From a cognitive perspective, microlearning offers several benefits in the learning environment. Microlearning promotes small skill and awareness-level learning, enhancing comprehension of specialized, individual tasks that either are stand-alone, or part of a larger topic. For example, a training seminar on personal protective equipment frequently is a significant, two-day session. Clearly, microlearning would be ineffective for training workers about such a comprehensive subject. However, microlearning can be very effective for the specific subject of hearing protection, even enabling an organization to target and customize the microlearning to a specific work environment within an organization.

Further, microlearning enhances retention of training that is offered to workers. The biggest fear among trainers is that workers will forget important material soon after a session. Microlearning assists with learning sustainment by making an abstract point concrete for learners and demonstrating how a procedure that is taught applies to a worker’s daily job. Take, for example, asbestos awareness training.

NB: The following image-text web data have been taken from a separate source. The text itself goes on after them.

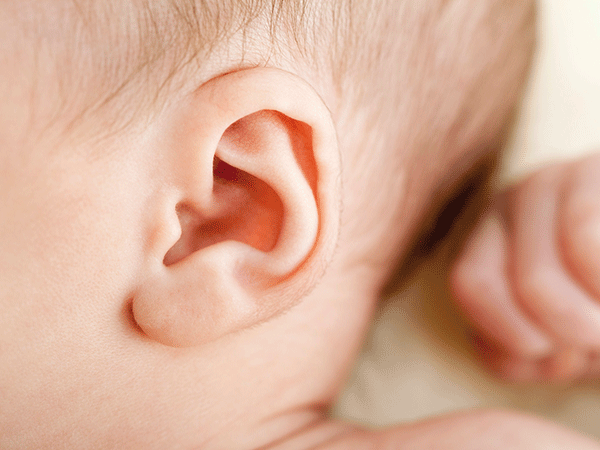 Bé bị nhiễm trùng tai, những dấu hiệu nguy hiểm và cách phòng ngừa mẹ cần biết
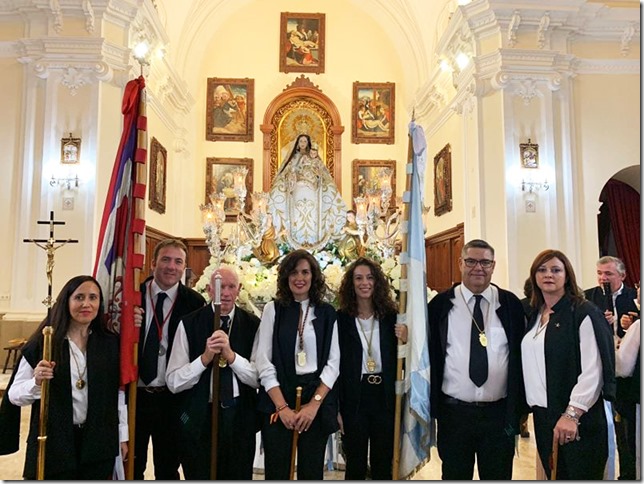 La alcaldesa de Calzada de Calatrava junto a miembros de la Hermandad de la Virgen de los Remedios
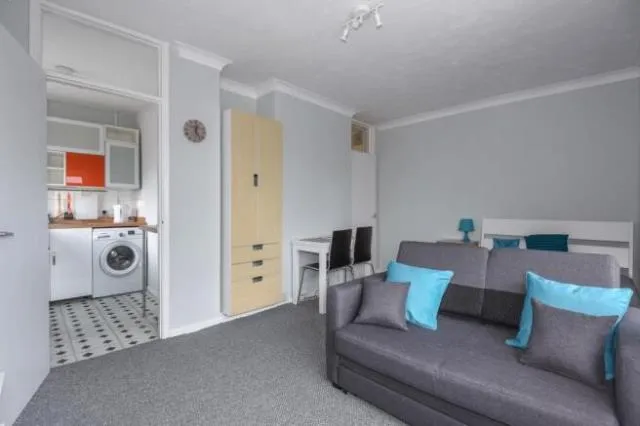 St. Johns Road, Newbury, RG14, photo 4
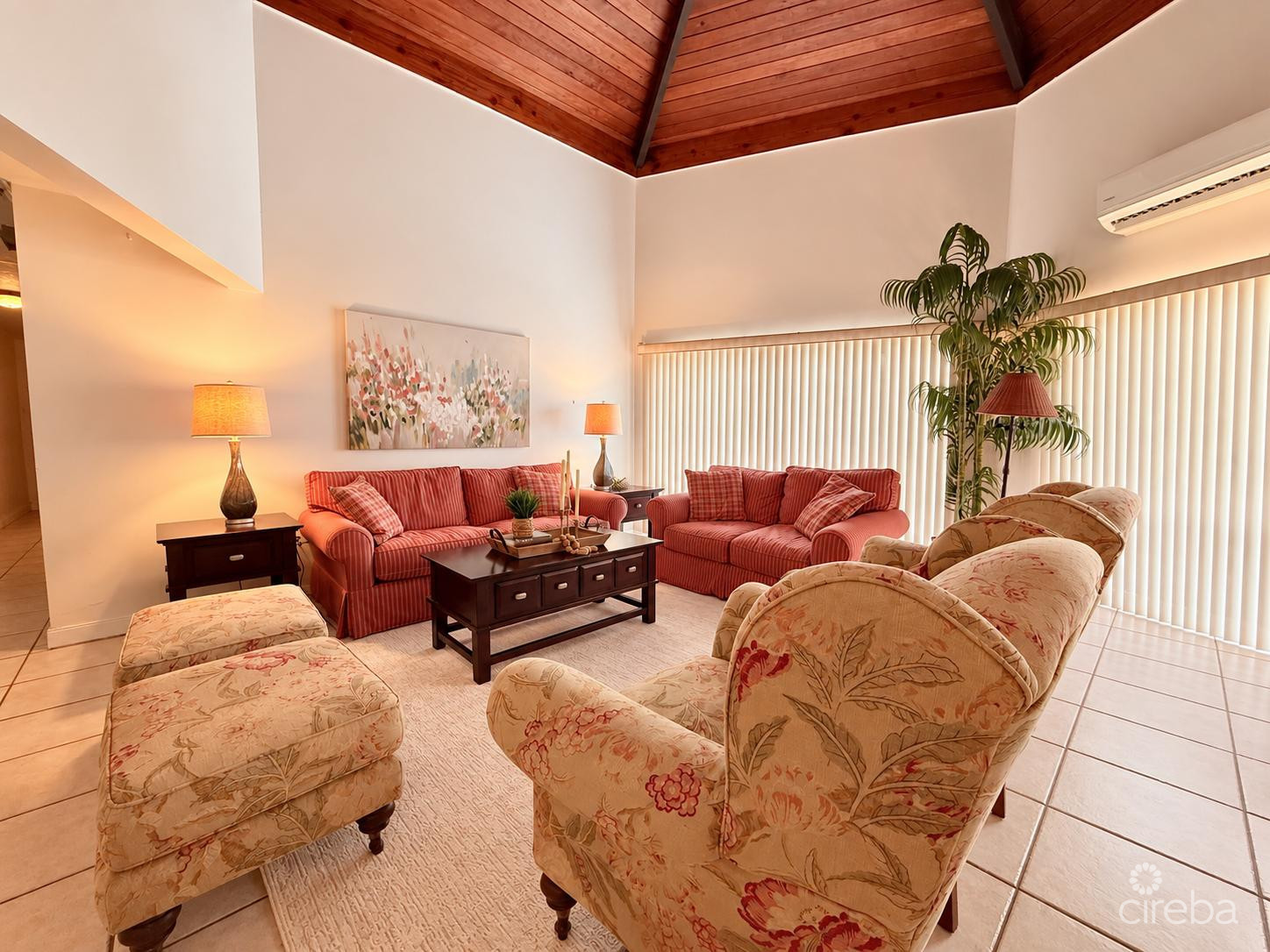 4 BEDROOM DOUBLE LOT HOME  IN PROSPECT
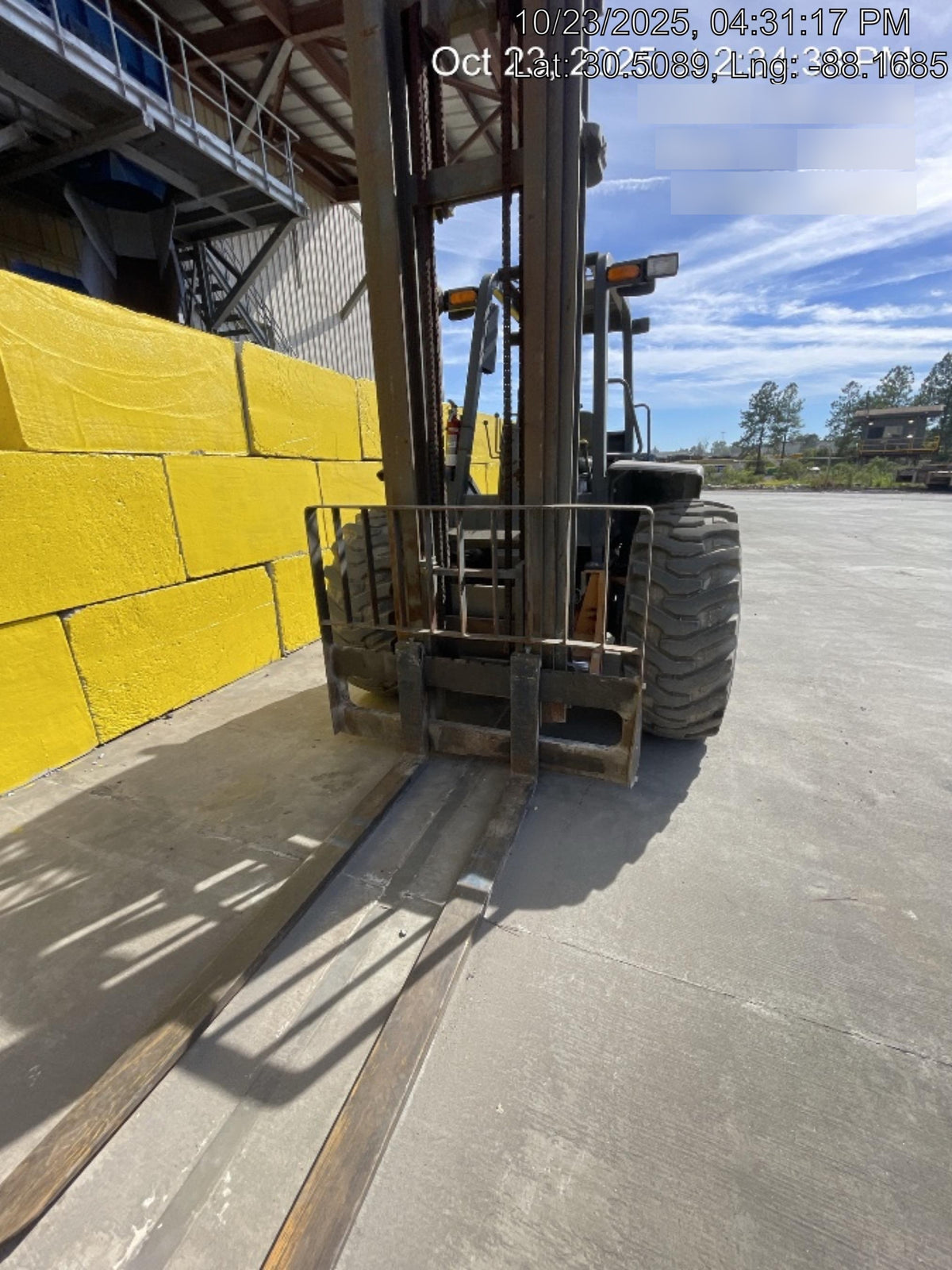 2019 CASE 588H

Two hours of such training is required every year in certain industries. Utilizing microlearning enables the training to occur at intervals throughout the year and show how asbestos awareness applies directly to a worker’s daily responsibilities. By adding questions for the employee to answer at the end of each microlearning opportunity that occurs during the year, it also assists in reactivation of knowledge gained.

Lastly, microlearning can be a powerful tool to address the affective domain. This area of learning is correlated with retention and cultural norming. The combination of knowledge and skill transfer, coupled with cultural branding, increases the effectiveness of each. Learning is reinforced and associated with an organization’s cultural goals, thereby connecting it with and providing context within the desired environment. Microlearning offers companies an opportunity to promote corporate messaging and cultural priorities into each microlearning opportunity.

Effectiveness of Microlearning

Microlearning has shown to be effective, particularly in preventing routine task injuries. Walmart has developed a mobile app for its warehouse workers that includes brief videos focused on how to safely do basic tasks on the job, such as driving a forklift or positioning ladders. The number of injuries fell by almost half during a six-month trial period among 5,000 workers (“Corporate Training Gets an Upgrade for the Facebook Generation,” Fortune, 12/28/16). This is a great example of the effectiveness of the application of cognitive knowledge and skill transfer, but how can microlearning be applied to the affective domain by incorporating a company’s branding and cultural attitudes toward safety.

While working with Norfolk Southern railroad, DuPont was engaged to deliver a risk awareness/safety training program that uses a specific, individual risk assessment process for hazardous work. While this safety initiative was successful in giving workers a new tool for reducing risk, there was a concern that the initiative would not be sustainable. The solution was to develop a series of safety messages that combined the new approach to risk awareness and assessment with common tasks that had a history of causing injury. These safety messages were two minutes or less in length and highlighted proper techniques (lifting, climbing, situational awareness, PPE, etc.) while also reinforcing Norfolk Southern’s safety brand, “I am Coming Home.” As a result, Norfolk Southern achieved a reinforcement of their safety culture, their risk assessment approach and specific skills and procedures refreshers, all within a two-minute microlearning experience.

Microlearning increasingly is becoming a widely-utilized element of training and continuing education among organizations. It is important, however, not to view microlearning simply as an individual “chapter” of a larger training curriculum, but as a powerful tool that enables better engagement and retention of focused subject matter. Its ease of use and ability to target specific employees who have specific responsibilities at specific locations opens new avenues of training beyond the traditional seminar to promote year-round learning opportunities, which significantly can improve an organization’s safety performance.